__WHAT YOU HAVE TO DO__
Where the records below show a line containing "Katy Regnery Quotes: I'll", start copying; end with the line containing "Avrupa ve Tarihsiz Halklar - Ciltli", and copy it too.

__MATERIAL SHOWN__
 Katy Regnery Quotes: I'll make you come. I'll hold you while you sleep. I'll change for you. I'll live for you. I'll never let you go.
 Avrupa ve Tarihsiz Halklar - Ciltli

--

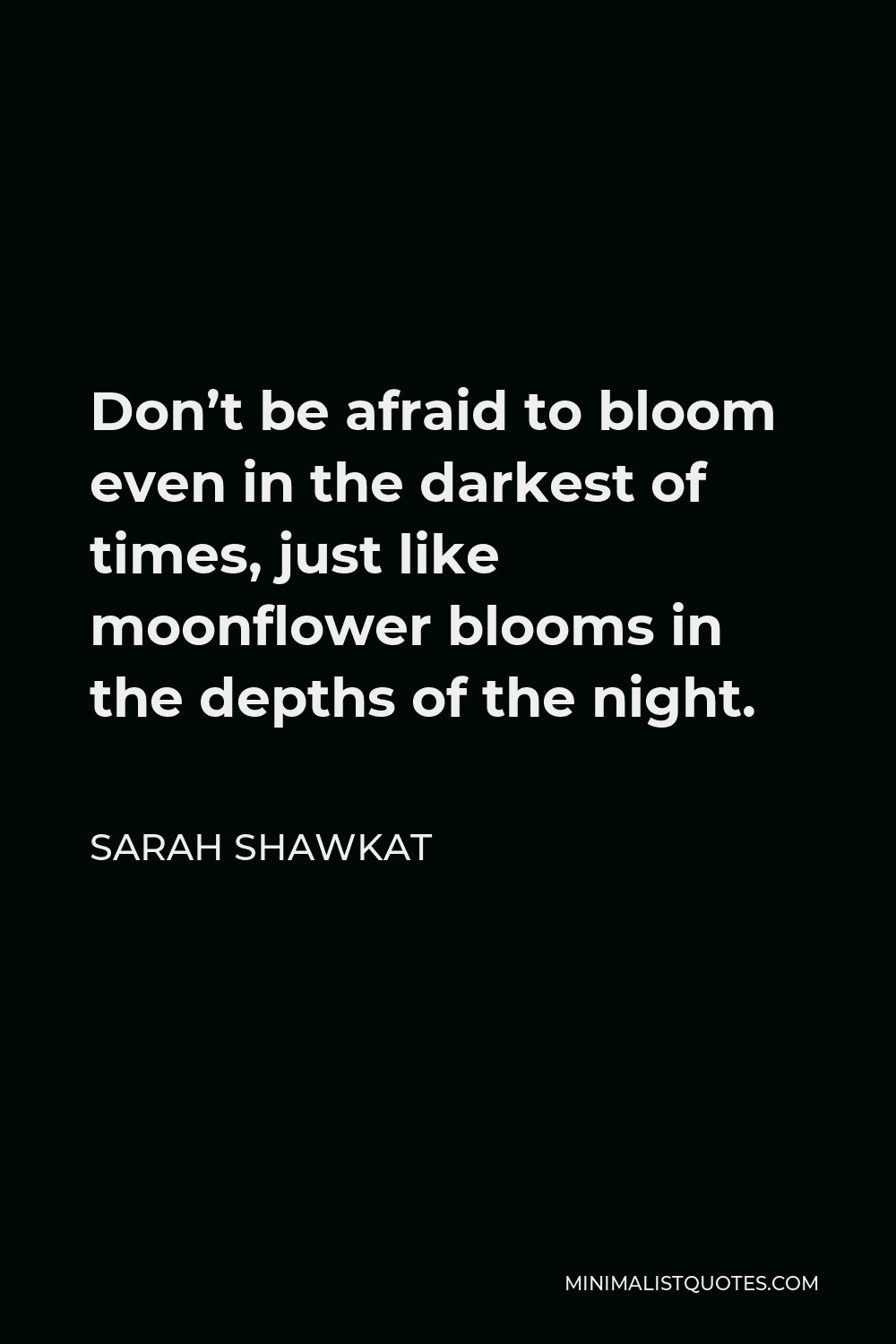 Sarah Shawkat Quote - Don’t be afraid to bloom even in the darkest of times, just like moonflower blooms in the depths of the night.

__RESPONSE AREA__
 Katy Regnery Quotes: I'll make you come. I'll hold you while you sleep. I'll change for you. I'll live for you. I'll never let you go.
 Avrupa ve Tarihsiz Halklar - Ciltli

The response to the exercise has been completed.